• [What to work on] Reproduce, word for word, the lines in the material below starting with the one that has "GRACIE CHINA 2-PC" and going on through the one that has "Розетка телефонная Valena". Leave out all pictures.

• [Input]
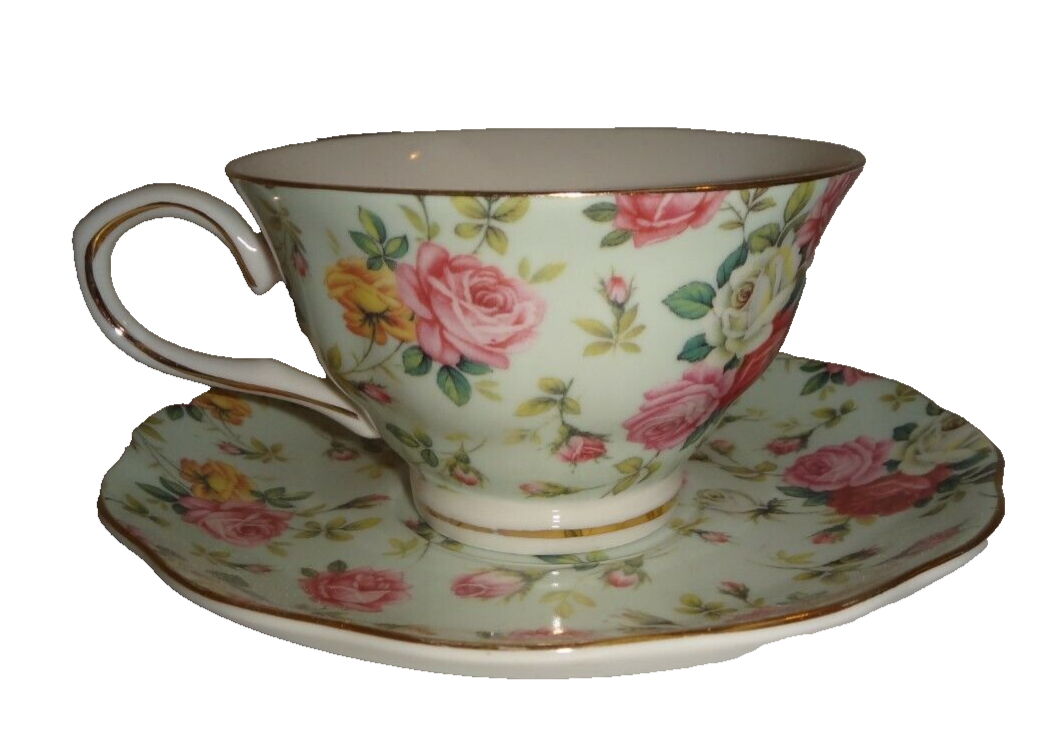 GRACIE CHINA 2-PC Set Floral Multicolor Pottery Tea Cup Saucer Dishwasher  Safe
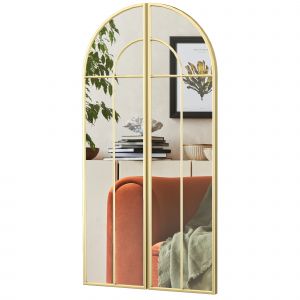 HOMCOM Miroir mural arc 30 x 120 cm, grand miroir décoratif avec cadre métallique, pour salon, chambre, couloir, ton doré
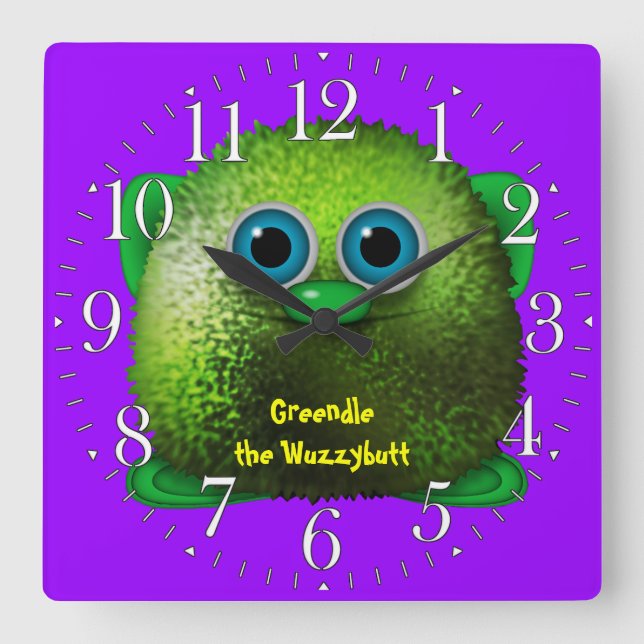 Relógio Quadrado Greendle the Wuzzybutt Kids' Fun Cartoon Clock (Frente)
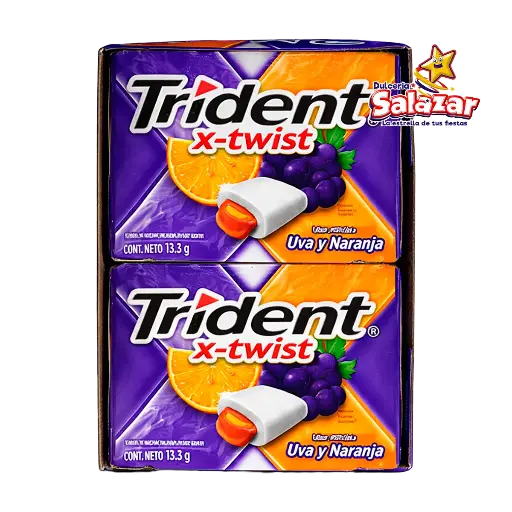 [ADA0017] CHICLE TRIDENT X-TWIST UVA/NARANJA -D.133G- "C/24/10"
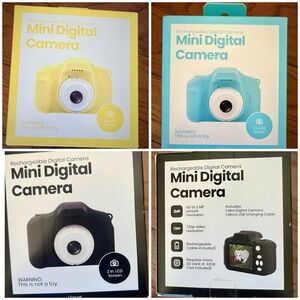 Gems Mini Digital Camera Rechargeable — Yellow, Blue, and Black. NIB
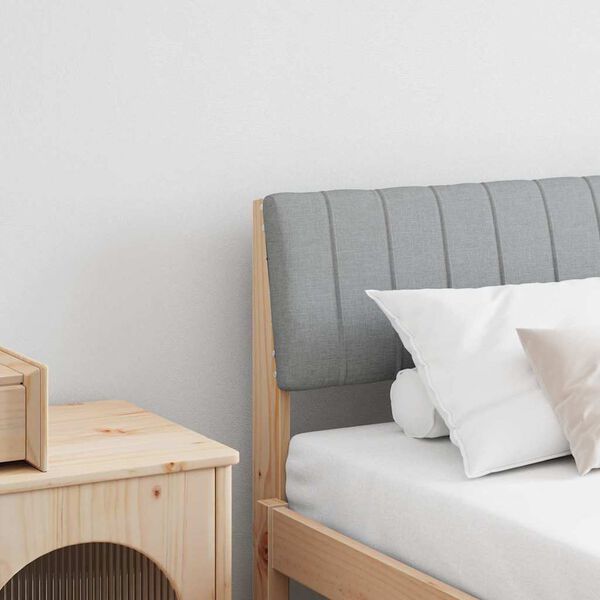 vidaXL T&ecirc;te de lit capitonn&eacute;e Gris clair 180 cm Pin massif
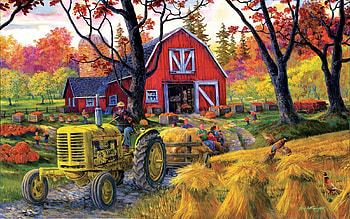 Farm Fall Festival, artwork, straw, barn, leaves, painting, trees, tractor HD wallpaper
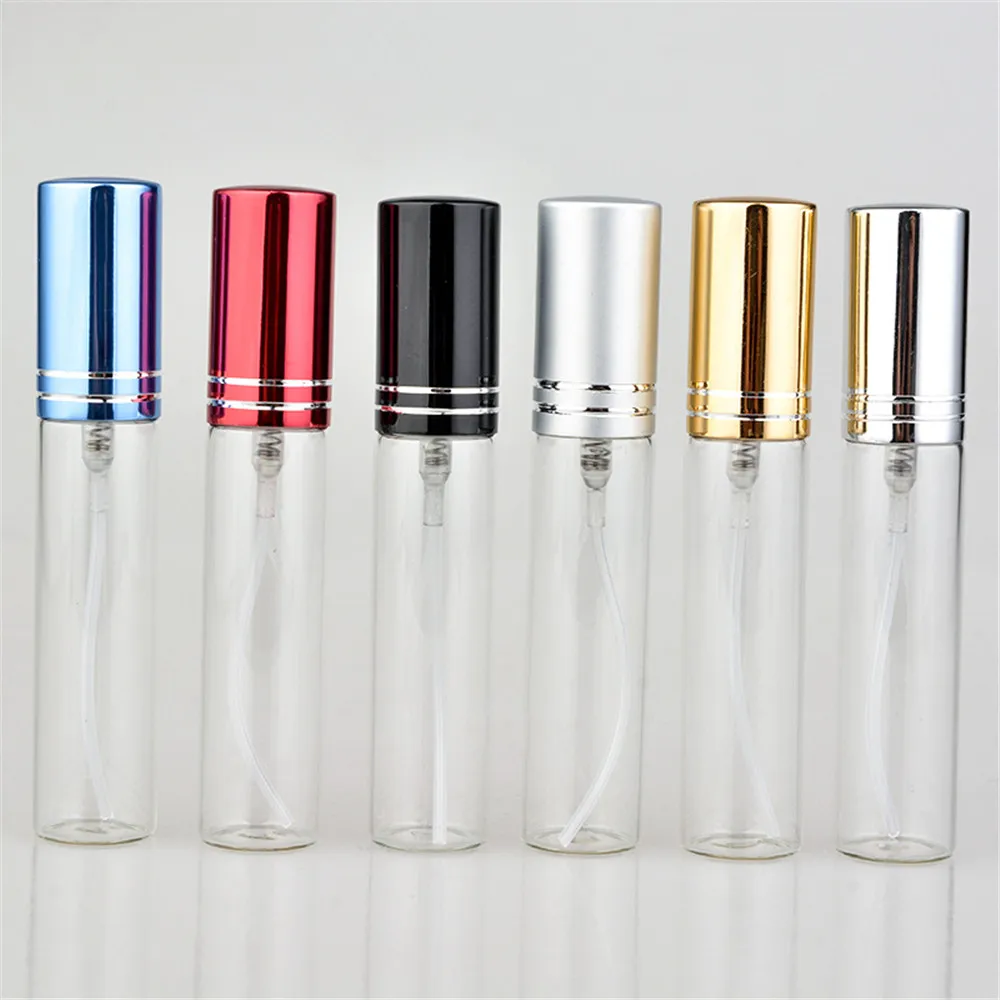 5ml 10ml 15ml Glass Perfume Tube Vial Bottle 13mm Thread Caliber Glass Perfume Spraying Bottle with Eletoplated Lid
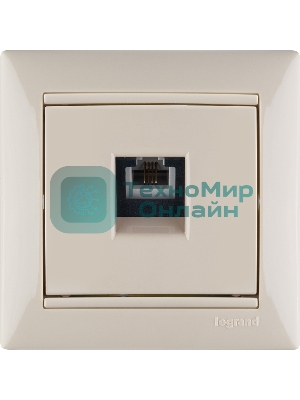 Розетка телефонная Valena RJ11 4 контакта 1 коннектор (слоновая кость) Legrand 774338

--

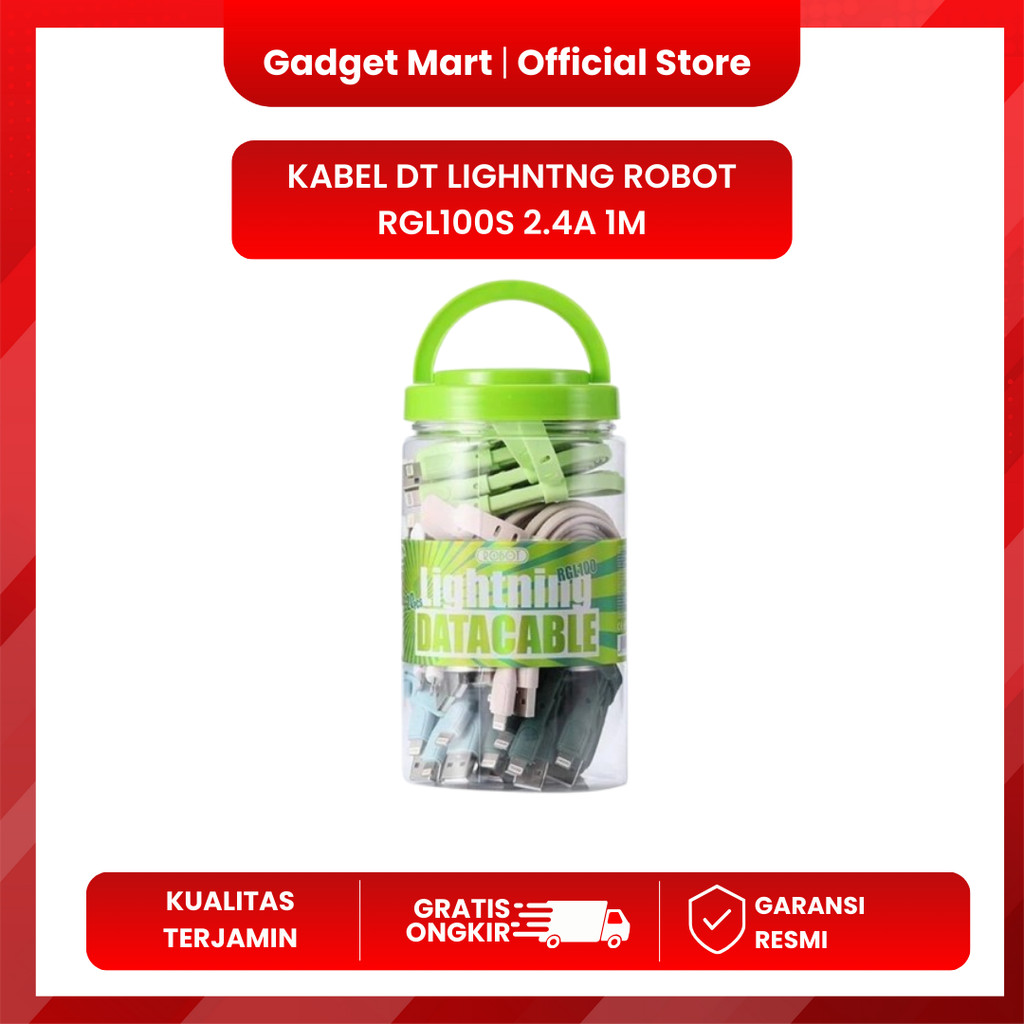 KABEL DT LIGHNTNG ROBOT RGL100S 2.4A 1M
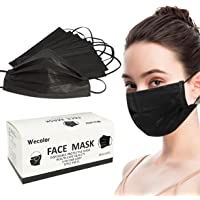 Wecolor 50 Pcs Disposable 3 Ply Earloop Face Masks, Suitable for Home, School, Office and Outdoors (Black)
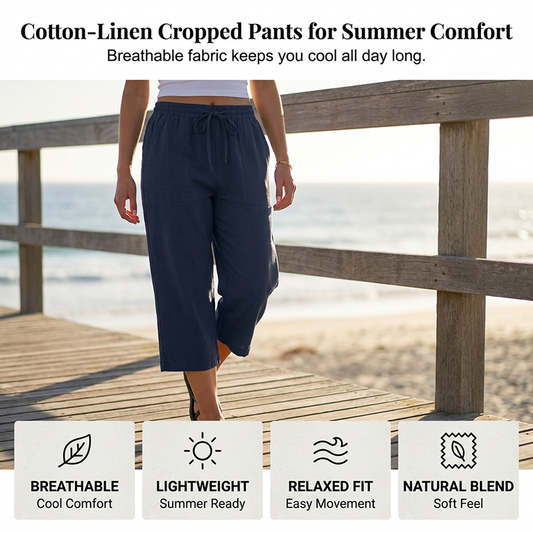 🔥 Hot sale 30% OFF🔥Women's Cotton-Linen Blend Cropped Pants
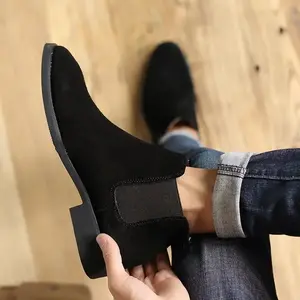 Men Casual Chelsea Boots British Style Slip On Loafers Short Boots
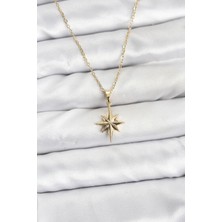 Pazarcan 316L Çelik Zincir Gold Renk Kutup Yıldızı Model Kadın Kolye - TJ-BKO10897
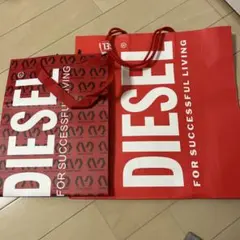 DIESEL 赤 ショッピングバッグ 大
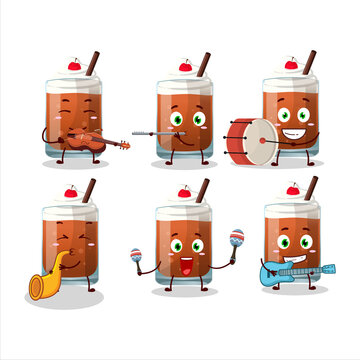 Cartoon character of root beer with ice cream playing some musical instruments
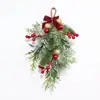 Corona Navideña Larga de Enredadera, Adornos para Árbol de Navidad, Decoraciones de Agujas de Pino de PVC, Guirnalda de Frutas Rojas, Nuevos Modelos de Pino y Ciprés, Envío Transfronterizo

...

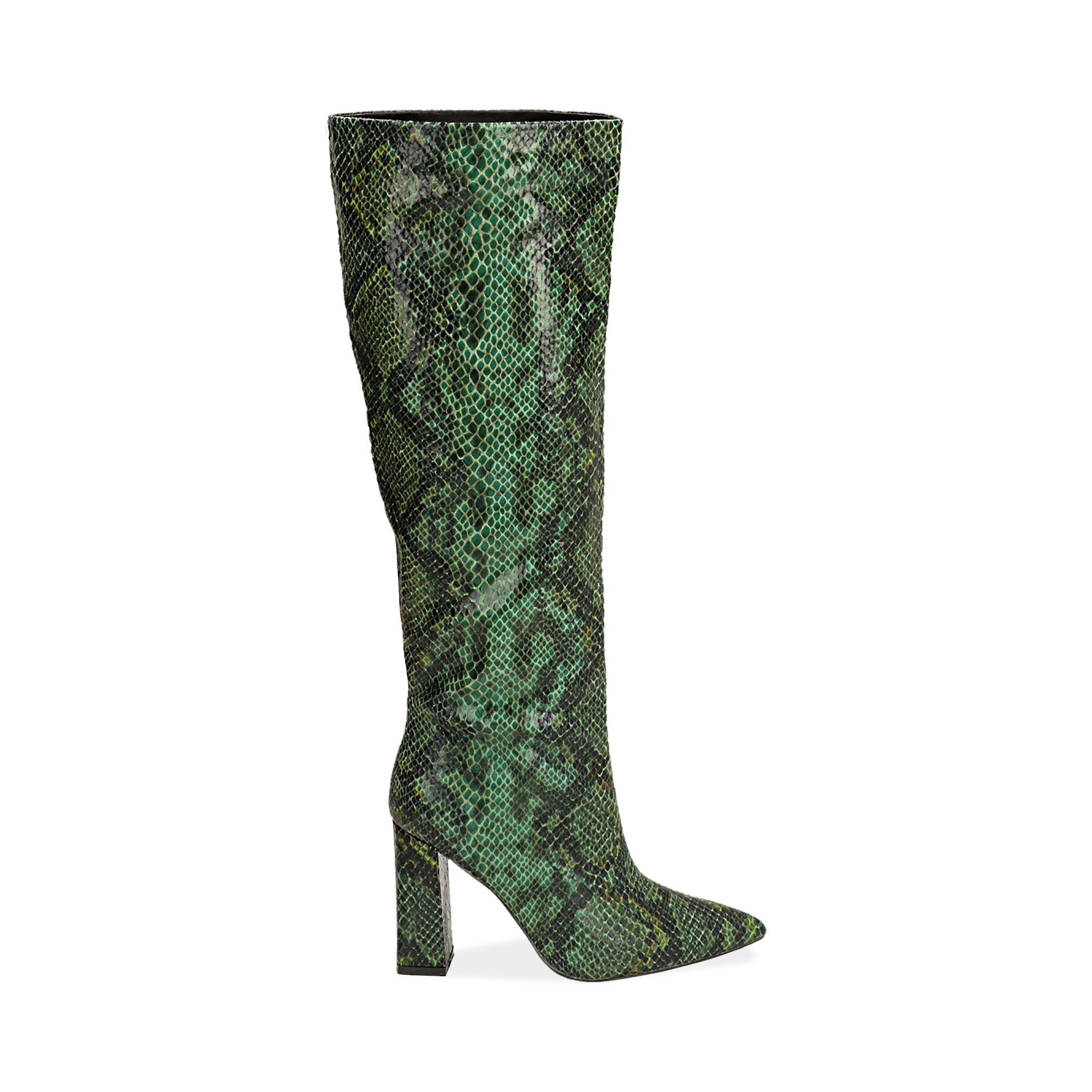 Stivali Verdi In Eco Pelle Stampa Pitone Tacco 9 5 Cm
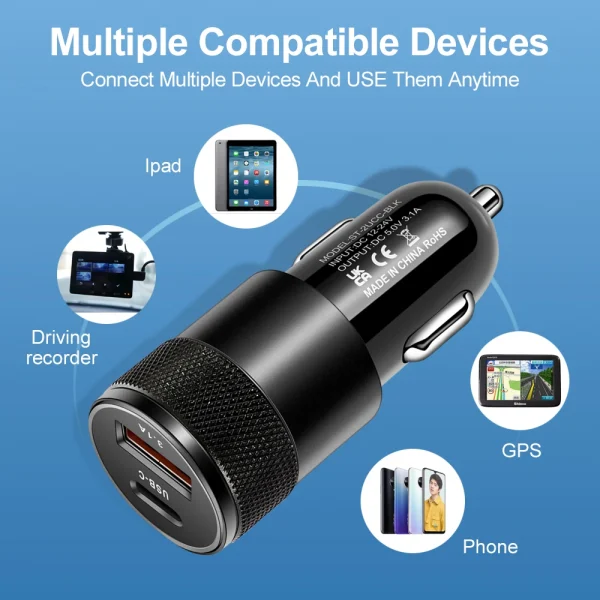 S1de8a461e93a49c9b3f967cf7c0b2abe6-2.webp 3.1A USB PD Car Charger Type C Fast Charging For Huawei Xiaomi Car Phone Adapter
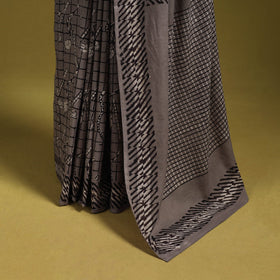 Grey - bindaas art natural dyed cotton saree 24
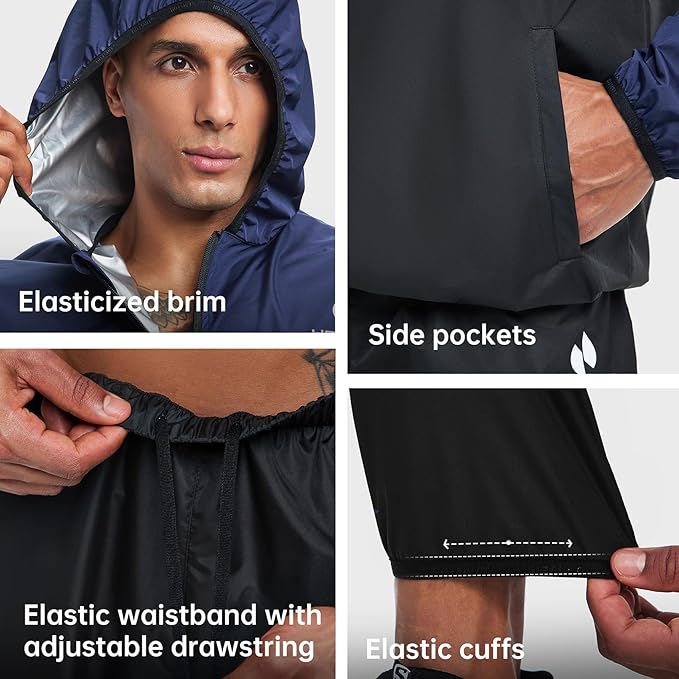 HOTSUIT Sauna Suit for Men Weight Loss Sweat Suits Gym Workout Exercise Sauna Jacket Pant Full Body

• [Solved problem]
 GRACIE CHINA 2-PC Set Floral Multicolor Pottery Tea Cup Saucer Dishwasher  Safe
 HOMCOM Miroir mural arc 30 x 120 cm, grand miroir décoratif avec cadre métallique, pour salon, chambre, couloir, ton doré
 Relógio Quadrado Greendle the Wuzzybutt Kids' Fun Cartoon Clock (Frente)
 [ADA0017] CHICLE TRIDENT X-TWIST UVA/NARANJA -D.133G- "C/24/10"
 Gems Mini Digital Camera Rechargeable — Yellow, Blue, and Black. NIB
 vidaXL T&ecirc;te de lit capitonn&eacute;e Gris clair 180 cm Pin massif
 Farm Fall Festival, artwork, straw, barn, leaves, painting, trees, tractor HD wallpaper
 5ml 10ml 15ml Glass Perfume Tube Vial Bottle 13mm Thread Caliber Glass Perfume Spraying Bottle with Eletoplated Lid
 Розетка телефонная Valena RJ11 4 контакта 1 коннектор (слоновая кость) Legrand 774338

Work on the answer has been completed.